Just recently came across an old transcript of an interview with Martin van Creveld (one of my favourite military writers – he wrote good books on command in war and technology of war). He gives a really interesting perspective on the problems Israel is having in Gaza, strangely enough things have not improved any since this 2002 interview.
Foreign Correspondent – 20/03/2002: Interview with Martin van Creveld:
Reporter: Jennifer Byrne
“Professor Martin van Creveld, of the Hebrew University of Jerusalem is Israel’s most prominent military historian. In this interview with Jennifer Byrne he claims that despite the recent increase in Israel’s military operations, the huge Israeli defence forces will inevitably lose to the Palestinians.
Byrne: Thanks for joining us tonight on Foreign Correspondent.

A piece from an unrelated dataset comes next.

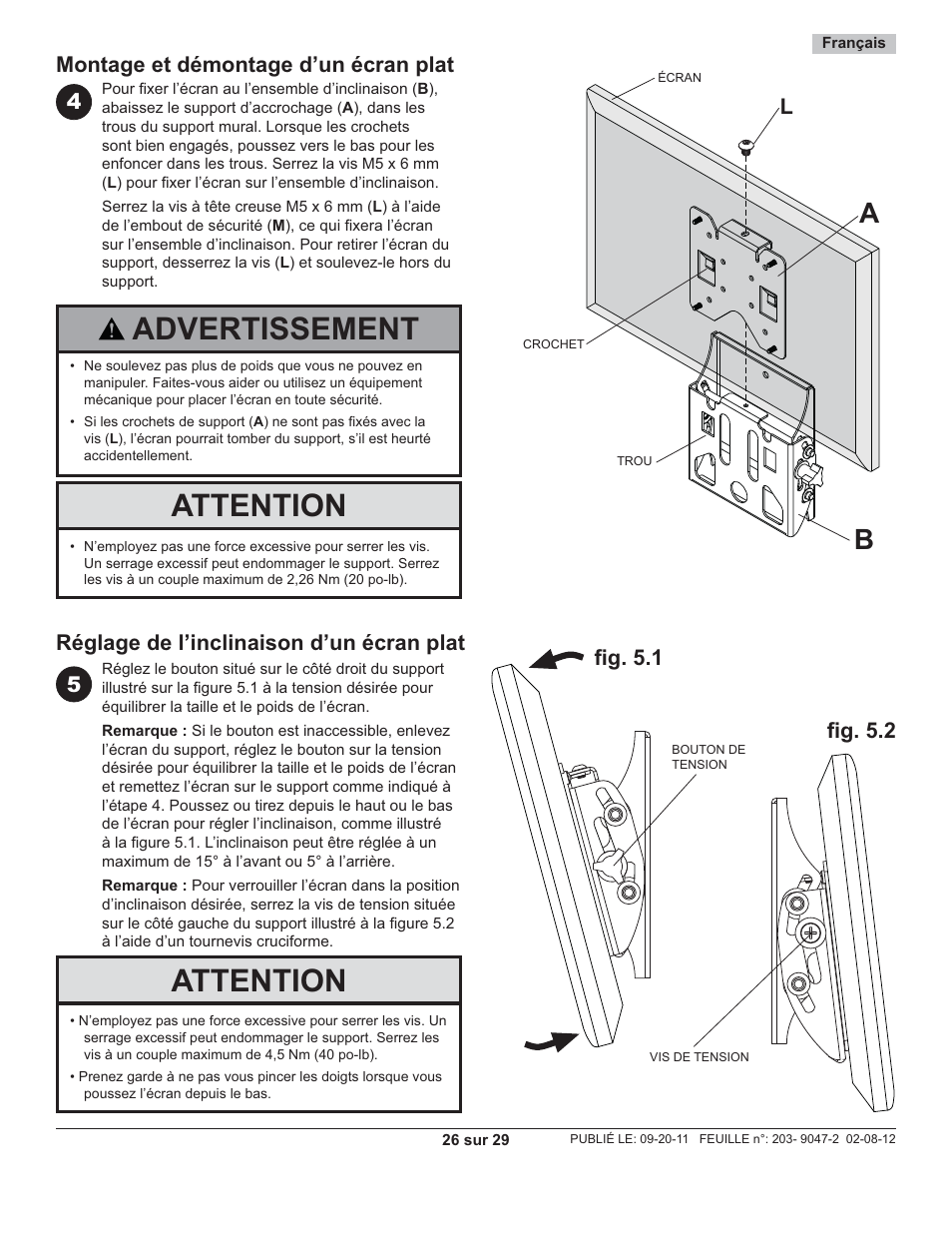 Attention, Advertissement, Montage et démontage d’un écran plat 4 | 5réglage de l’inclinaison d’un écran plat, Fi g. 5.1 fi g. 5.2 | Peerless-AV ST632-AW - Installation User Manual | Page 26 / 29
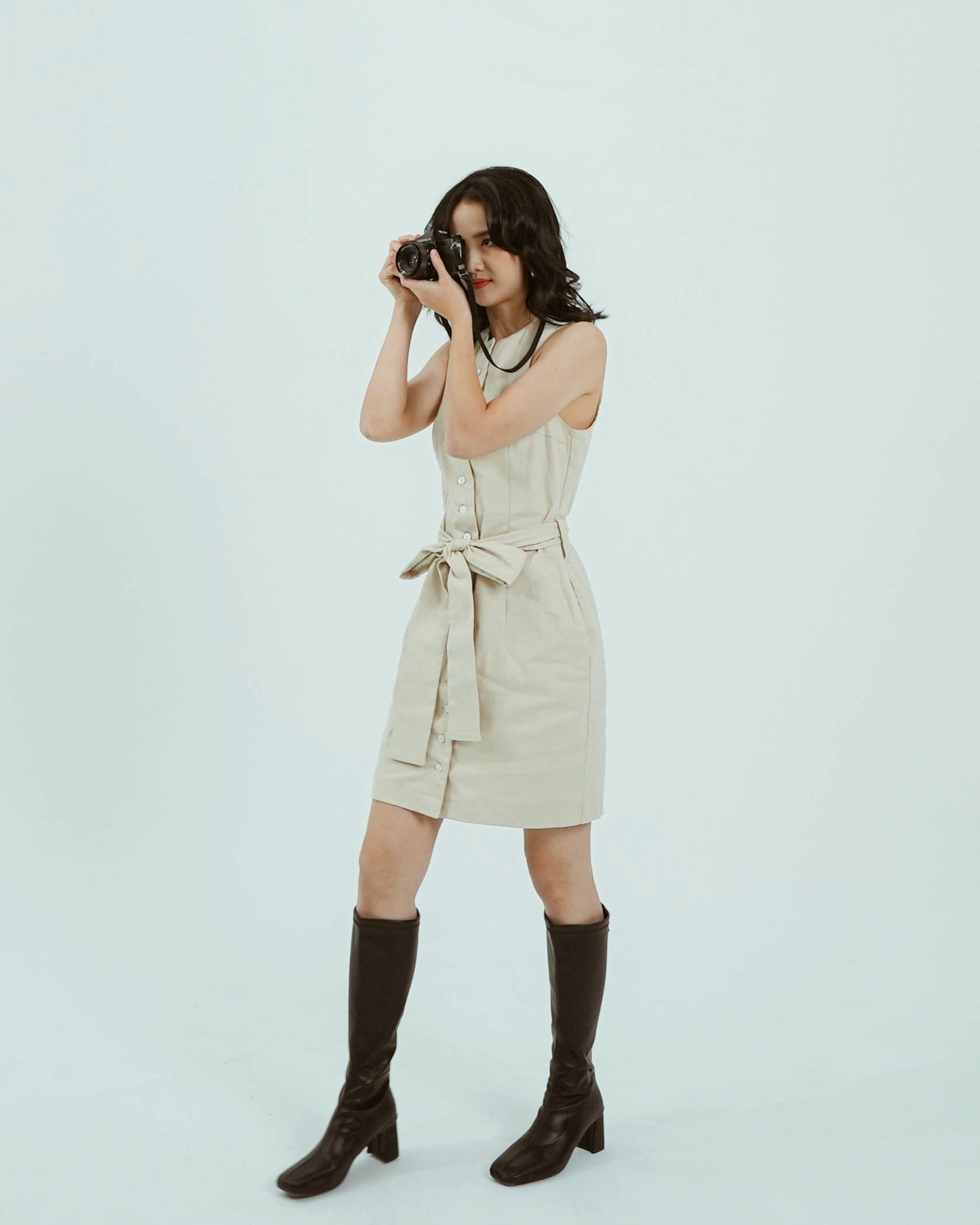 All Time '23 - Round Neck Sleeveless Shirt Dress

How has it come to this, Martin… how is it that the mighty Israeli army – one of the world’s most powerful – with its helicopter gunships, with its tanks, with it’s missiles, can be losing to this relatively small, relatively under-armed if fanatical group of Palestinians?
Van Creveld: The same thing has happened to the Israeli army as happened to all the rest that have tried over the last sixty years. Basically it’s always a question of the relationship of forces. If you are strong, and you are fighting the weak for any period of time, you are going to become weak yourself. If you behave like a coward then you are going to become cowardly – it’s only a question of time. The same happened to the British when they were here… the same happened to the French in Algeria… the same happened to the Americans in Vietnam… the same happened to the Soviets in Afghanistan… the same happened to so many people that I can’t even count them.”
Then a little later he makes this point:
“Van Creveld: No. There is one thing that can be done – and that is to put and end to the situation whereby we are the strong fighting the weak, because that is the most stupid situation in which anybody can be.
Byrne: And how do you do that?
Van Creveld: Exactly. How do you do that. You do that by A, waiting for a suitable opportunity… B, doing whatever it takes to restore the balance of power between us and the Palestinians… C, removing 90% of the causes of the conflict, by pulling out… and D, building a wall between us and the other side, so tall that even the birds cannot fly over it…. so as to avoid any kind of friction for a long long time in the future. ”
Maybe it is time they tried a wall? It worked for Berlin for quite a while.